Start of Block
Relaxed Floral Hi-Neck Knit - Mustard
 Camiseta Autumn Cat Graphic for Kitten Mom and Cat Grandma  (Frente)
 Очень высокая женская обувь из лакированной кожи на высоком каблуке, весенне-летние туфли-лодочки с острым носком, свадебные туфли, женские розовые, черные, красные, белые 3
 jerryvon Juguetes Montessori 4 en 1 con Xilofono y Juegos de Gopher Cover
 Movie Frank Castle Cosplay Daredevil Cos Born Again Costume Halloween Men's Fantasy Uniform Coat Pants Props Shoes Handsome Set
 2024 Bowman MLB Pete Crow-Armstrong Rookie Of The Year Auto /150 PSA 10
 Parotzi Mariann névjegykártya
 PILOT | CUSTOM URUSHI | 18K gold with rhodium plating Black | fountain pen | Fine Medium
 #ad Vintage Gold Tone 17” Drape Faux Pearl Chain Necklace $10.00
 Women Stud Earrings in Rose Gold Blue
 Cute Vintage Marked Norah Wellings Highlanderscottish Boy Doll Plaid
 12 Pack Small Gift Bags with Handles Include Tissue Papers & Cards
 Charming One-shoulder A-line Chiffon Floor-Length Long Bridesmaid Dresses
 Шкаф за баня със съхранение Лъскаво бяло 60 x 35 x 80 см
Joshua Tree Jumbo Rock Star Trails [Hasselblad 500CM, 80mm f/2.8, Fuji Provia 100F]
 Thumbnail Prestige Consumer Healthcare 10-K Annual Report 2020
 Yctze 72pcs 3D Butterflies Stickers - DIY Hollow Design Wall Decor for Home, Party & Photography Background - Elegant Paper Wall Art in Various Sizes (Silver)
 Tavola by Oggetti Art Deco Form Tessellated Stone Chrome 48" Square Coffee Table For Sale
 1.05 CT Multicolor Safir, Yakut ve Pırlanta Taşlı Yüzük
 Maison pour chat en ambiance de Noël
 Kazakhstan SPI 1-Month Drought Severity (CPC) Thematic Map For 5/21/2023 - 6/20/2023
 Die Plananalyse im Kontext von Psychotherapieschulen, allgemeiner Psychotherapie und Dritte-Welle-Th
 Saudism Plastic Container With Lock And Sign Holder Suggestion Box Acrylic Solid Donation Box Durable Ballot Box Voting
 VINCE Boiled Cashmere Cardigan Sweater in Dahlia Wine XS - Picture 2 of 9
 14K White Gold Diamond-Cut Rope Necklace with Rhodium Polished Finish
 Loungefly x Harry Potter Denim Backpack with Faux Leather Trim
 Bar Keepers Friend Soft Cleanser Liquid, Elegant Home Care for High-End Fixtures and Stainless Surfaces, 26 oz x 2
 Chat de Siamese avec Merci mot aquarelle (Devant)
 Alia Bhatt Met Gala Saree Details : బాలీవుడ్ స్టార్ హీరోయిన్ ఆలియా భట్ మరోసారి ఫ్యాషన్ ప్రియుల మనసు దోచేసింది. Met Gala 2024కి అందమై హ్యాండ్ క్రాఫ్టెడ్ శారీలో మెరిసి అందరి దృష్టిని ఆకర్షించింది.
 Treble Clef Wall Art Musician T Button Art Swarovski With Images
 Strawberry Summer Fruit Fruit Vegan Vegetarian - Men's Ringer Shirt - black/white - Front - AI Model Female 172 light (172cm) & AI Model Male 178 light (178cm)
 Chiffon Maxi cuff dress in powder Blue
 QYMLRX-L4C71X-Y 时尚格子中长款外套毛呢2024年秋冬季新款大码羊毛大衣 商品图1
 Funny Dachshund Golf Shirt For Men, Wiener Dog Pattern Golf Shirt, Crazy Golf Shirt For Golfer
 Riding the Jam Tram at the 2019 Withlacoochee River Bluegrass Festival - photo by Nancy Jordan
End of Block
▸ **Instructions for the task**:
Determine the count of lines in the data above with the string "Necklace" in them, and give that count alone.

▸ **Response**:
2